Без хвастовства трудно представить русскую былину, еще труднее – вообразить сцену пира и чествования князем своих богатырей. Но на пиру угощают и других «добрых молодцев», причем «чествует» князь всех одинаково – подносит чашу с вином, вопрошая иногда: «А ты чем похвалишься?». Характеристика похвальбы в былине сводится к трем видам: «глупое» (сестрой, детьми, женой); «иное» (обычное, своим трудом); «умное» (родом, родителями). Сюжет завязывается, когда у присутствующих на пиру возникают сомнения в правдивости сказанного: когда человек похвастал тем, что «трудом» считать не принято (глупое хвастовство), или тем, что в его профессиональной группе обычным трудом получить нельзя. Если в первом случае герой неизбежно наказывается, то во втором – проходит испытание, после чего становится ближе к князю по месту на пиру, которое можно занять, лишь подвинув всех остальных. Так, Илья-Муромец (крестьянин) хвастает богатырским подвигом – пойманным Соловьем-разбойником; Садко-гусляр хвастает знаниями о золотой рыбке. Хвастовство должно соответствовать «труду», совершенному хвастающим, в противном случае все, что не доказано как результат труда, может и должно быть оспорено, отобрано и поделено, или уничтожено, так как это – вызов, который общество обязано принять и проверить.

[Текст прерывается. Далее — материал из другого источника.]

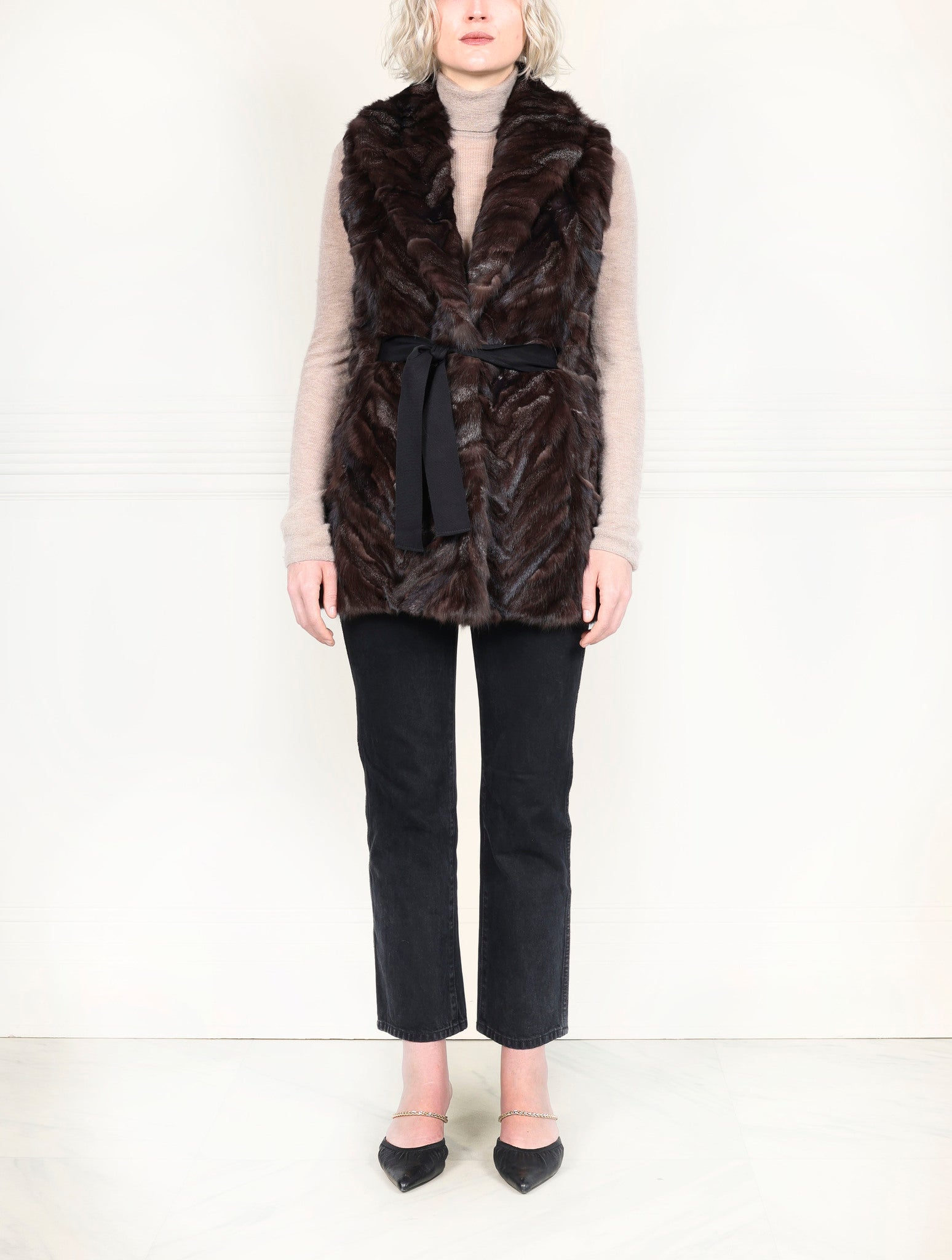Fox Fur Upcycled Vest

Хвастовство является средством удержания/приобретения социального статуса, поощряется только на пиру, являясь его необходимой составной частью; вне пира это неизбежно приводит к поражению хвастуна.

 

1.Астахова А. М. Былины Севера. В 2-х т. – М-Л.: Изд-во АН СССР, 1938.

2.Богатырев П. Г. Вопросы теории народного искусства. – М.: «Искусство», 1971.

3.Былины и исторические песни южной Сибири. Записи С. И. Гуляева. – Новосибирск: Новосибгиз, 1939.

4.Древние российские стихотворения, собранные Киршею Даниловым. – М.: Изд-во АН СССР, 1958.

5.Ипатьевская летопись. Т.2. Вып. 1, издание 3. – Петроград: Изд-во АН СССР, 1923.

6.История и культура Древней Индии. – М.: изд-во МГУ, 1990. – С. 11, 54.

7.Кудрявцев С. И. Кастовая система Индии. – М.: Наука, 1992. – С. 7,.53.

8.Лаврентьевская летопись. Т. 1, вып. 1, издание 2. – Л.: изд-во АН СССР, 1926. – л. 240-256.

9.Пропп В. Я., Путилов Б. Н. Былины. В 2-х т. – М.: Изд-во худ. лит., 1958.

10.Сборник документов по истории СССР. Ч. 1. – М.: «Высшая школа», 1970.

11.Слово о Полку Игореве. – М.: «Детская литература», 1975. – С. 94-97.

12.Фроянов И. Я., Юдин Ю. И. Былинная история. – СПб.: изд-во СПбГУ, 1997. – С. 224.